An injury redshirt season plus a blanket COVID-19 extra year of eligibility has the 6-foot graduate student in her sixth year with the Wildcats. Much has changed, on and off the court, since Herlihy enrolled in the fall of 2016.

“They have all new dorms and facilities,” she said. “It’s like, ‘This didn’t used to be here.
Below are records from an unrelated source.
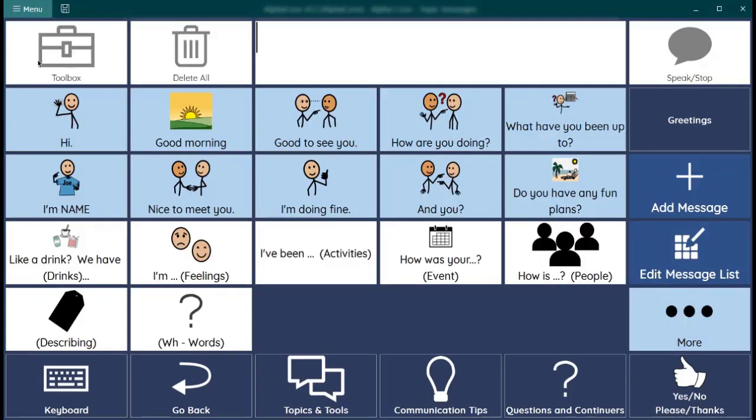To the right of the message box is a speak stop button that will speak your text. Any text you have in the message box and will also stop a message that is being spoken. This can be pretty helpful if you accidentally select a personal message and you're in a crowd.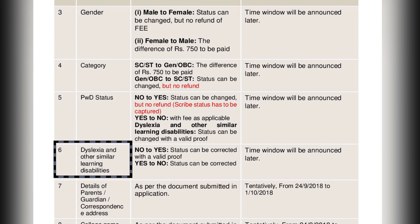In the section of dyslexia and other similar learning disabilities, if you want to change it from 'No' to 'Yes', the status can be corrected with a valid proof. If you want to change it from 'Yes' to 'No', the status can also be corrected. Timing for this will be announced later.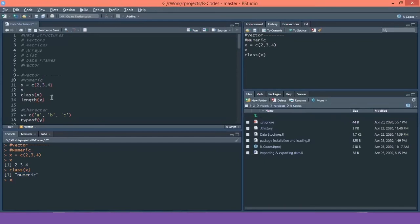Next is the length function. Length shows how long a vector is — how many values are stored in it. For our vector X with values 2, 3, and 4, we can see there are three values.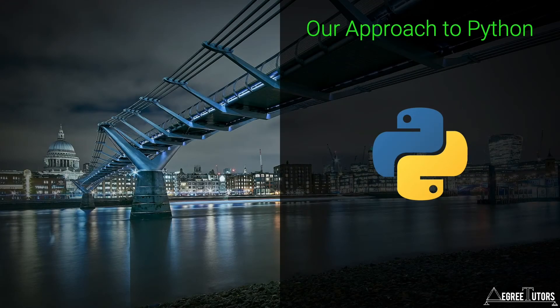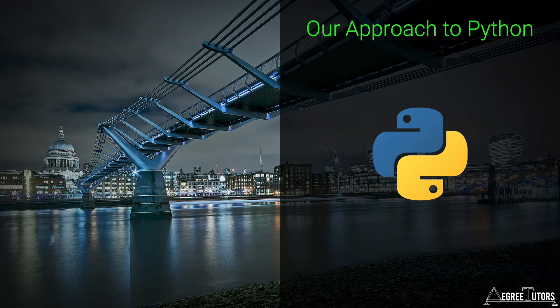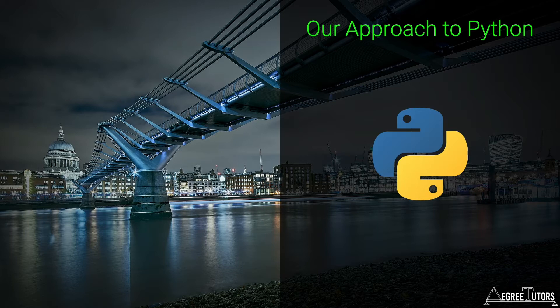In this short lecture I want to make a couple of points about how Python is used in this course and actually about learning Python or any programming language in general. Knowing how to code is not a binary state where at one instant in time you don't know how to code and then at some later instant you do know how to code.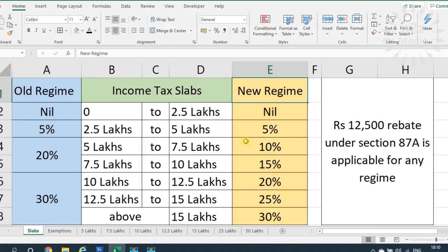Yesterday, Finance Minister Nirmala Sitharaman introduced new tax slabs for financial year 2020-21. The interesting point is that in the next financial year, the taxpayer or tax assessee can select either the old tax rates or the new tax rates — that is, the old regime or the new regime. It is entirely the taxpayer's choice to select either of these two options.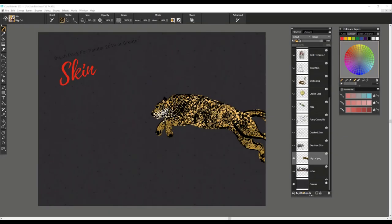Hi, my name is Karen Bonnaker and I'd like to introduce you to a new brush pack for Painter 2019 or greater called Skin. This brush pack includes lots of fun and creative brushes that you can use for all kinds of things. Keep in mind that as I show you the way that I use these brushes, there are hundreds and hundreds of other ways that you can apply them in your own creative process.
This didn’t exist.’ I definitely feel like this is home, and it’s going to be weird moving away.”

Herlihy, whose sister Bridget played for Villanova before serving as a graduate assistant last year and is now playing overseas, took a major step last season, earning second-team All-Big East honors. After a summer spent honing her 3-point shot, she is averaging 10.8 points and 7.5 rebounds while shooting 50 percent from distance.

Herlihy, who majored in finance and international business, is working on her MBA and considering playing professionally overseas after college. But right now, she is focused on finishing her Villanova career strong.

“We have a lot of good teams in the Big East, like top 25 teams,” Herlihy said. “We’re hoping to get on the map in that sense.”

Bentley pulls rank

The first meeting of the season Tuesday between longtime Northeast-10 rivals Stonehill and Bentley was also a matchup between teams receiving votes in the Women’s Basketball Coaches’ Association Division 2 poll. No. 16 Bentley improved to 3-0 with a 62-51 victory over Stonehill (0-2), which was unranked but received votes in the poll.